I've been presented with another theory of fraud in the 2020 Presidential election. Have a look at the video, which compares snapshots of the election results as extracted from NY Times .json files to "prove" that votes were switched and lost. This is done via some python code we'll take a look at below. The video walks through this Natural News post in a very lively and shout-splaining fashion. Bold claims are made, including:

  • NY Times .json files are analogous to a "Flight Data Recorder (black box)" when it comes to being official transaction logs of election night results
  • over 500k votes were switched from Trump to Biden
  • Bannon and Giuliani have confirmed whistleblowers from Dominion, a ballot counting software company (that was on 11/11; the pattern is always the same: dangle some mind-blowing tidbit and then we never hear about it again?
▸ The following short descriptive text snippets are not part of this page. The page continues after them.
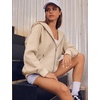 ZEAGOO Hoodies Women Zip Up Hoodie Oversized Sweatshirt Fleece Jackets Spring Fall Winter Coats 2026 Fashion(Khaki)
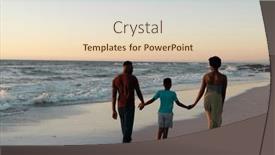  Presentation with holding hands family walking - PPT theme featuring rear-view-of-african-american background and a lemonade colored foreground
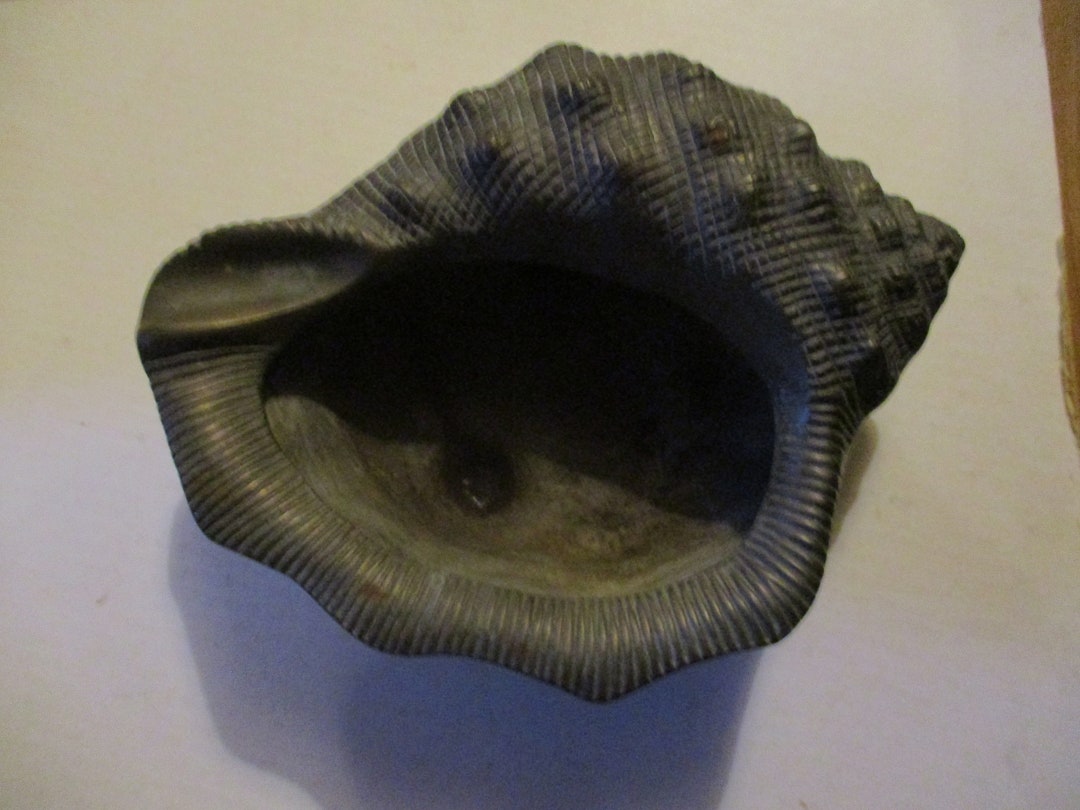 Brass Conch Seashell Planter or Bowl - Unusual Large Cast Brass Form of ...
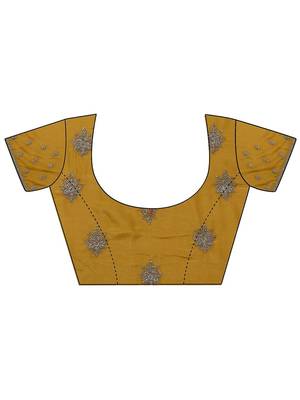 yellow embroidered saree with unstitched blouse piece 4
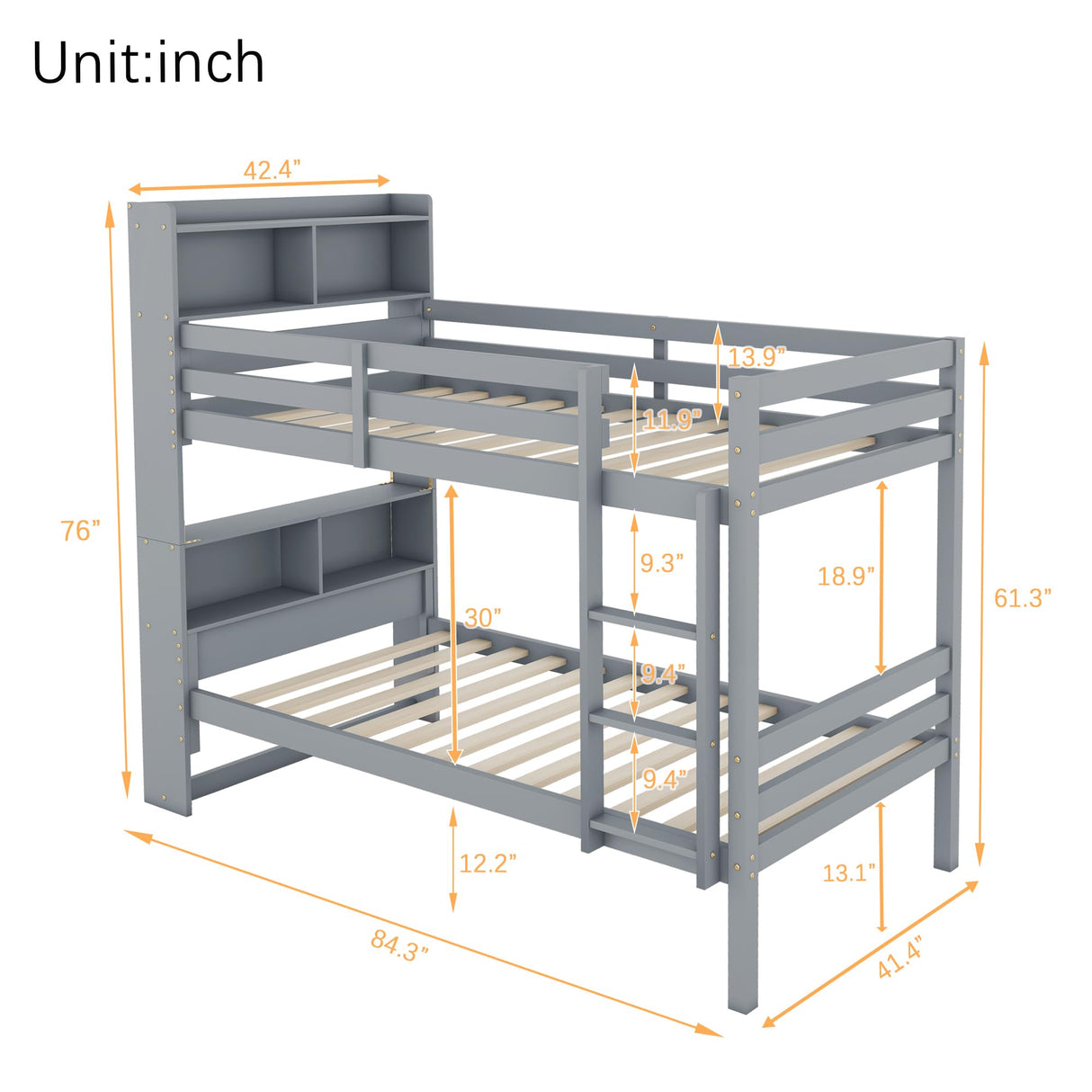 JIJIWANG Twin Over Twin Bunk Bed with Bookcase and Storage Solid Wood Bunk Beds Frame with Shelves, Convertible to 2 Beds, Grey JIJIWANG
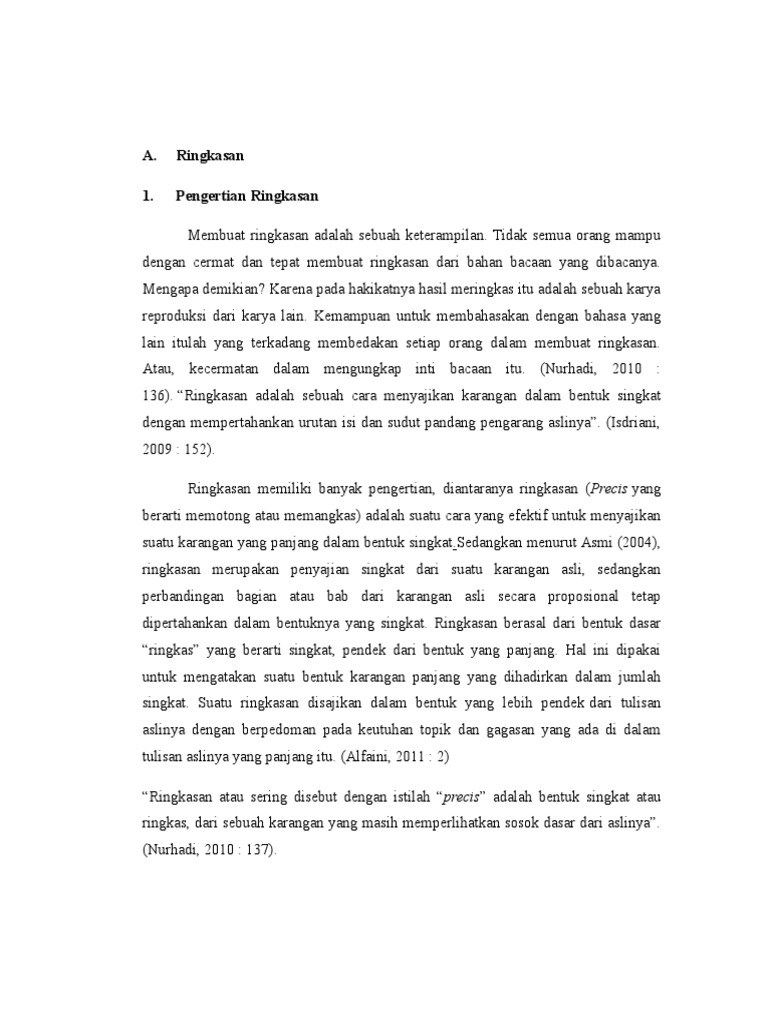 Makalah B Indonesia Ringkasan Dan Abstrak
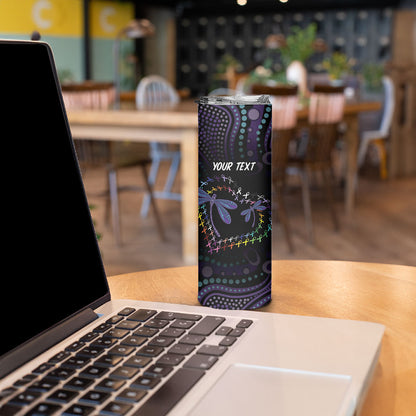 Fight Cancer In All Colors Australia Indigenous Personalized Skinny Tumbler Dragonflies Aboriginal Art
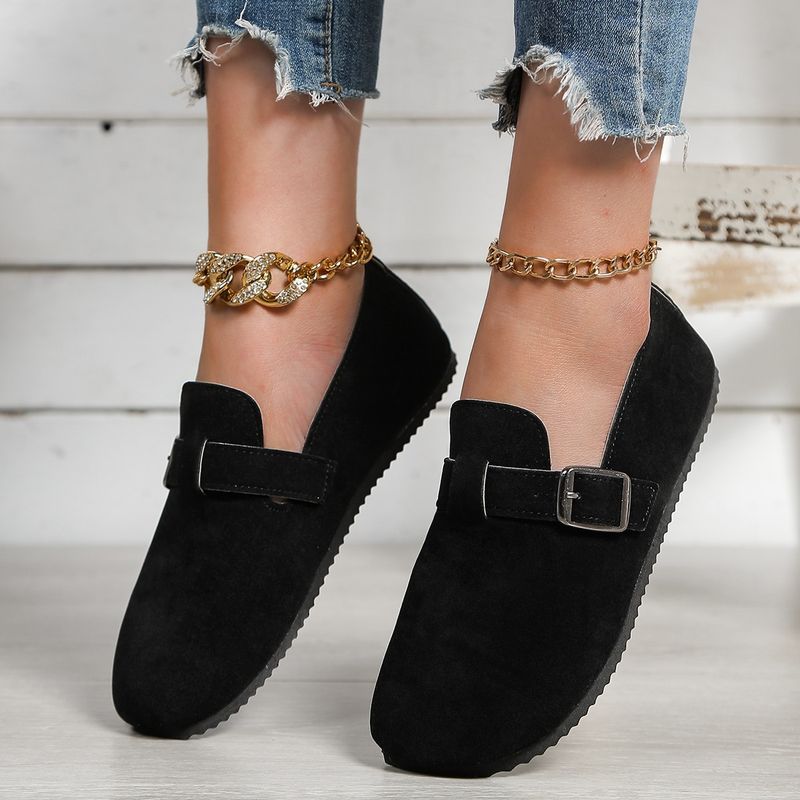 Women's Wide Width Slip-On Loafers - Breathable Flat Shoes With Buckle Detail, Comfortable Casual Shoes For Wide Feet_voghion.com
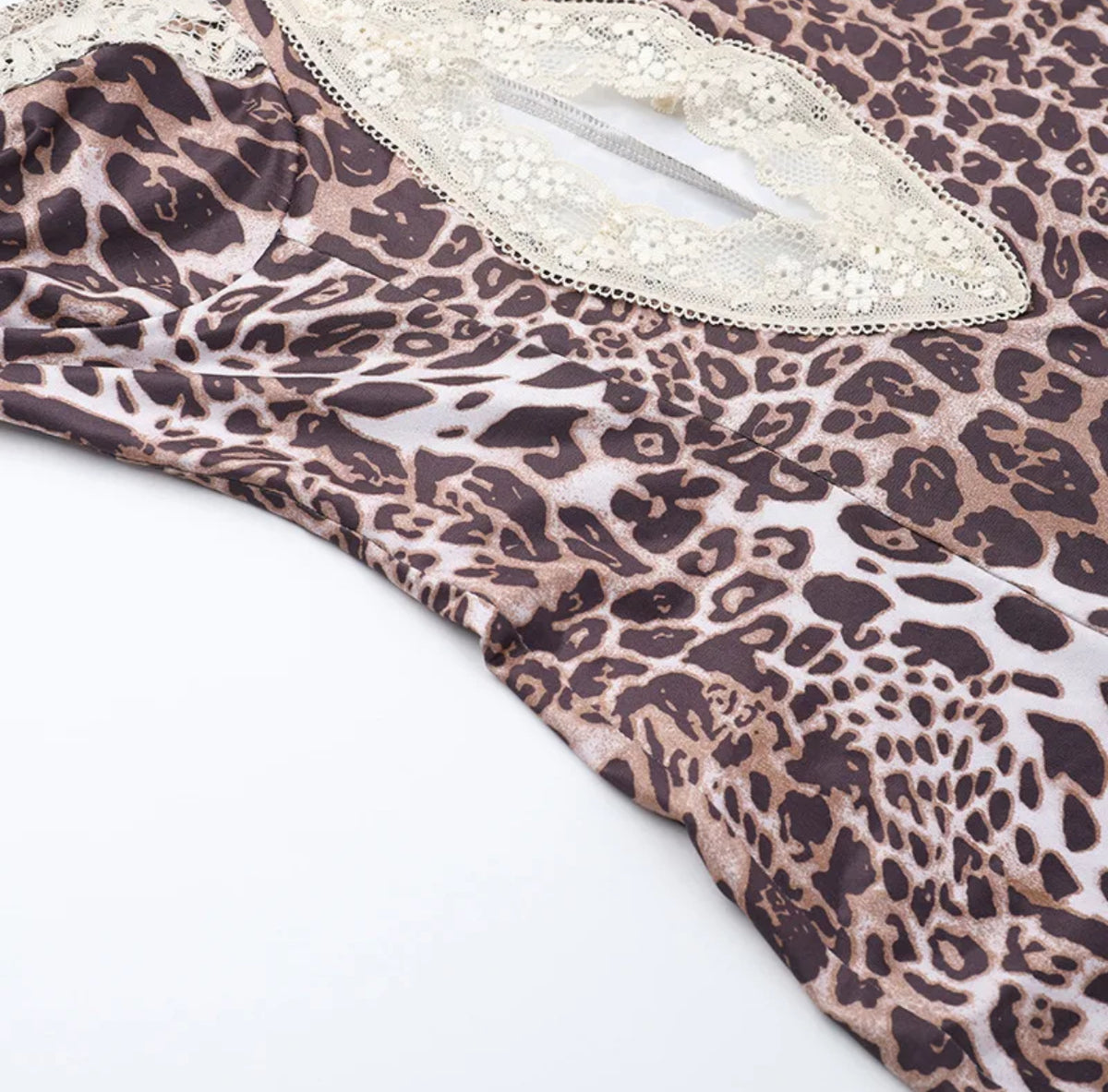 Leopard Lace Cut-Out Dress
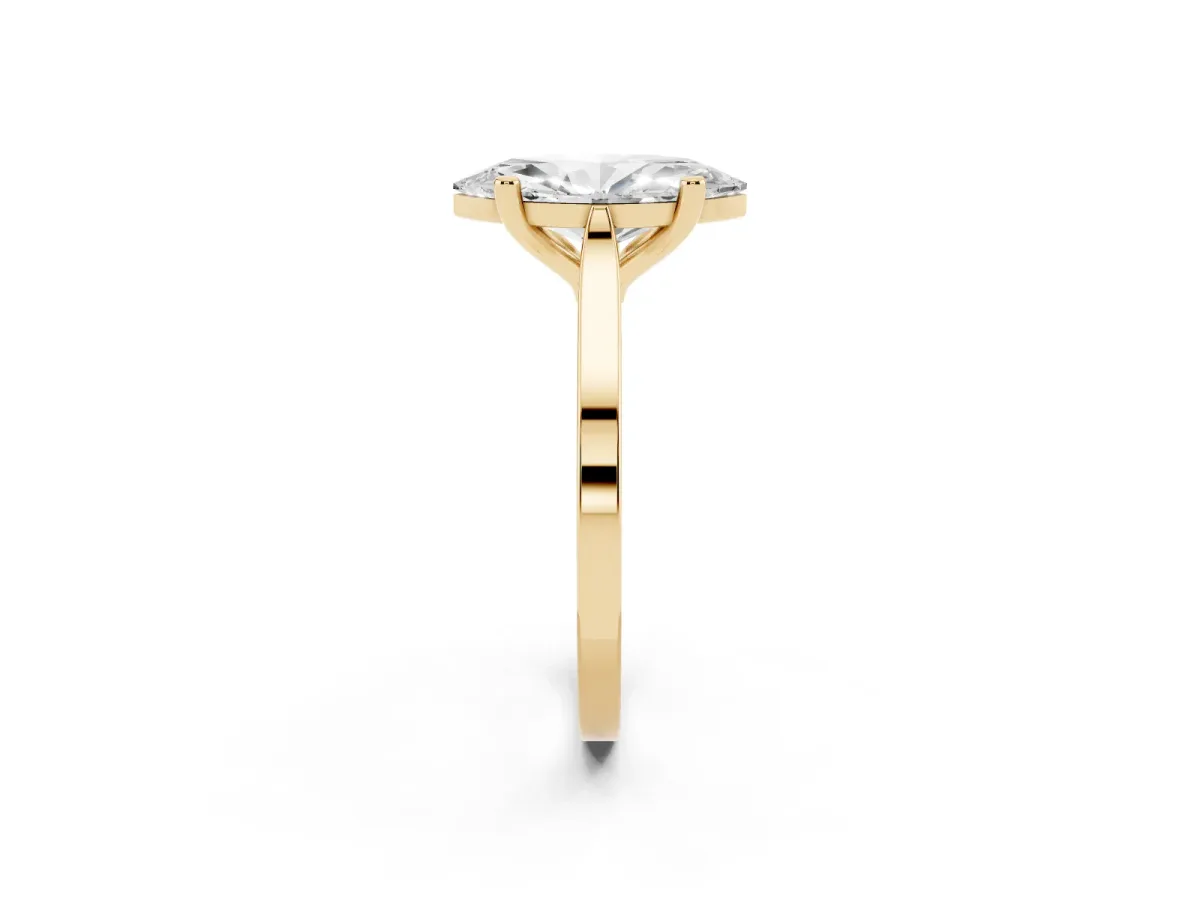 Marquise Cut Solitaire Diamond Ring with Four-Prong Setting and Tapered Band Yellow gold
Nevertheless, for weeks I'll hear people citing "those Dominion whistleblowers they found")
  • a fraud simulator (spoiler: it just switches key states when you toggle between fraud and no fraud scenarios, with no explanation of how it's calculating anything at all)
  • Trump and DoD personnel watched this fraud happen in real time, have it recorded, and allowed the fraud to happen so they'd have proof (but still filed lawsuits in five states, just to withdraw from two)

In any case, we'll be focused on the data analysis and short answer: no, there's nothing here folks.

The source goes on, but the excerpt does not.